[Extracted data entries]
◆ ◆ ◆ ◆ ◆

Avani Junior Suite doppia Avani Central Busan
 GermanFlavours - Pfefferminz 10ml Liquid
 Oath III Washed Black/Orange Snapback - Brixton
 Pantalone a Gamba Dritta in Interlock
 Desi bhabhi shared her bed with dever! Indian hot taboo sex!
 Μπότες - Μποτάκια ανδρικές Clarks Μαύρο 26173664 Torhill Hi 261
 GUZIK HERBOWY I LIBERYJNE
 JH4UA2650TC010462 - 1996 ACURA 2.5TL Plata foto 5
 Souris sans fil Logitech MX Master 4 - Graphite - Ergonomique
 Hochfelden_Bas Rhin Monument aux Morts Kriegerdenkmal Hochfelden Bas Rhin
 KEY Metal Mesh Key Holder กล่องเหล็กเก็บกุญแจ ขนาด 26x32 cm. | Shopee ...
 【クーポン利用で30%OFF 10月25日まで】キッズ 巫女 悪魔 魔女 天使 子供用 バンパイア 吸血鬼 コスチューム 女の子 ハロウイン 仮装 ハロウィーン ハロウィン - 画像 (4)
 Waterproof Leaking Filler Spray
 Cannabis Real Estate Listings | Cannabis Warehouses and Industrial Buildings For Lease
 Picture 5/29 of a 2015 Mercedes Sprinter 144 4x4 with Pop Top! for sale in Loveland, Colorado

◆ ◆ ◆ ◆ ◆

What to produce
Exact copies of the lines from the one holding "Souris sans fil" through the last line above, and only those, make up the answer.

Problem solution
 Souris sans fil Logitech MX Master 4 - Graphite - Ergonomique
 Hochfelden_Bas Rhin Monument aux Morts Kriegerdenkmal Hochfelden Bas Rhin
 KEY Metal Mesh Key Holder กล่องเหล็กเก็บกุญแจ ขนาด 26x32 cm. | Shopee ...
 【クーポン利用で30%OFF 10月25日まで】キッズ 巫女 悪魔 魔女 天使 子供用 バンパイア 吸血鬼 コスチューム 女の子 ハロウイン 仮装 ハロウィーン ハロウィン - 画像 (4)
 Waterproof Leaking Filler Spray
 Cannabis Real Estate Listings | Cannabis Warehouses and Industrial Buildings For Lease
 Picture 5/29 of a 2015 Mercedes Sprinter 144 4x4 with Pop Top! for sale in Loveland, Colorado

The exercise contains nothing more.